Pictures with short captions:
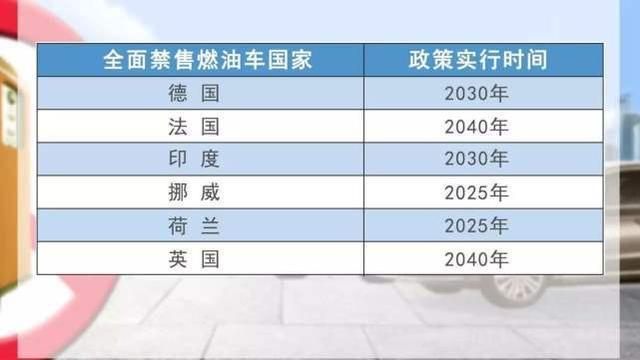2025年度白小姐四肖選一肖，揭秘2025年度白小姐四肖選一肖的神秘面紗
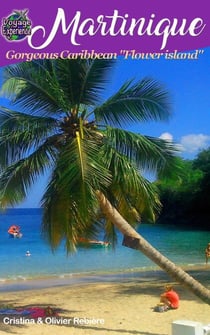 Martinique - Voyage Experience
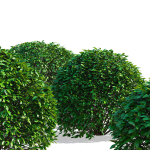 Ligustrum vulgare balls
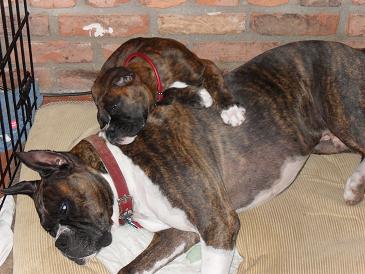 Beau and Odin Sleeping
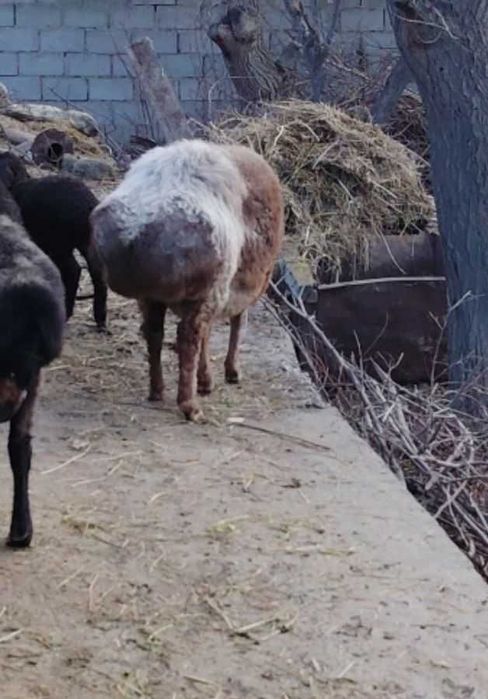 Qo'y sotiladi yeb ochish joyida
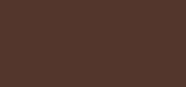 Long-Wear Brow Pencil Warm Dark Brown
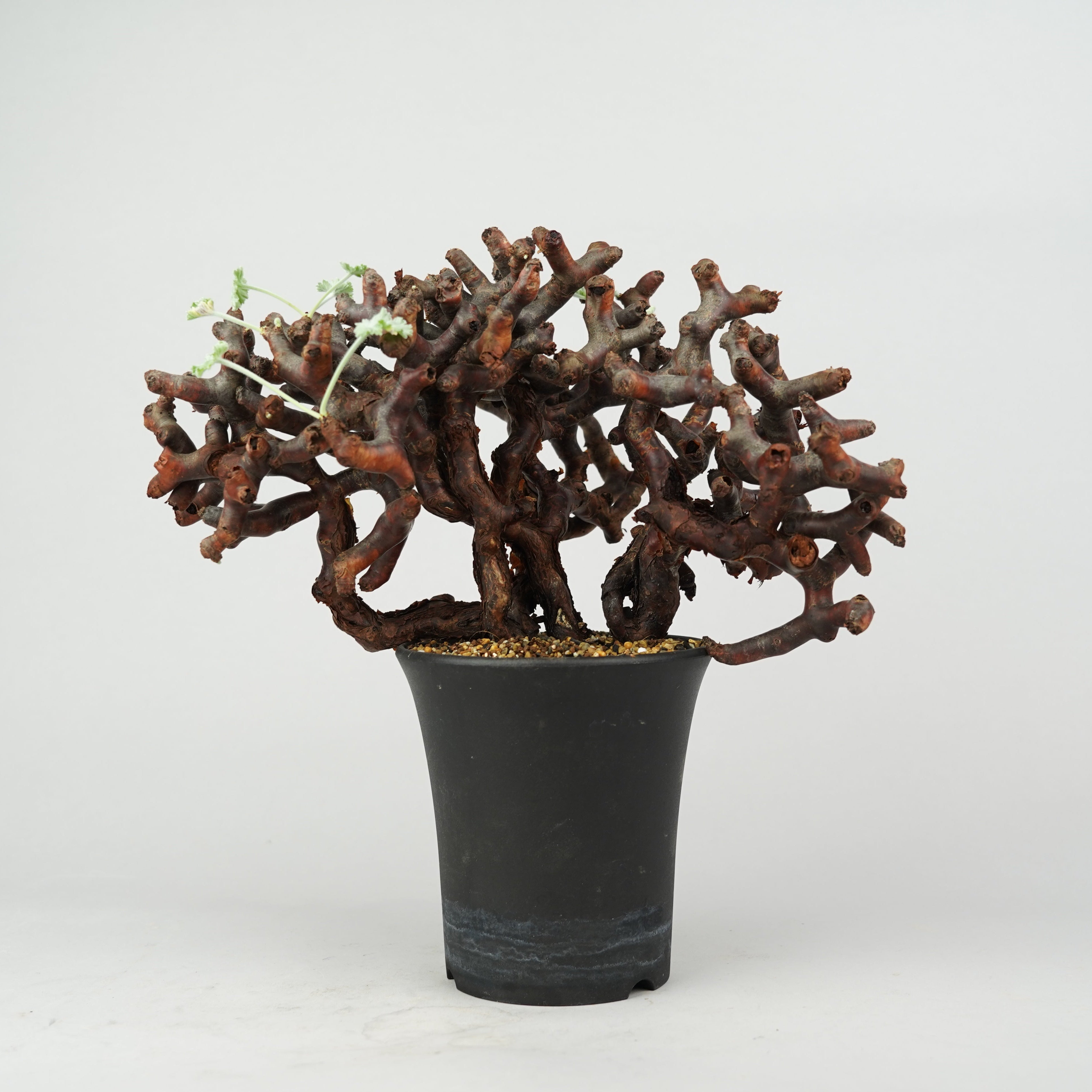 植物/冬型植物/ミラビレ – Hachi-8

Work required: Write out exactly, and nothing more than, the lines of the entries above from the line containing "Beau and Odin Sleeping" through the final line; omit any pictures.

Exercise response:
 Beau and Odin Sleeping
 Qo'y sotiladi yeb ochish joyida
 Long-Wear Brow Pencil Warm Dark Brown
 植物/冬型植物/ミラビレ – Hachi-8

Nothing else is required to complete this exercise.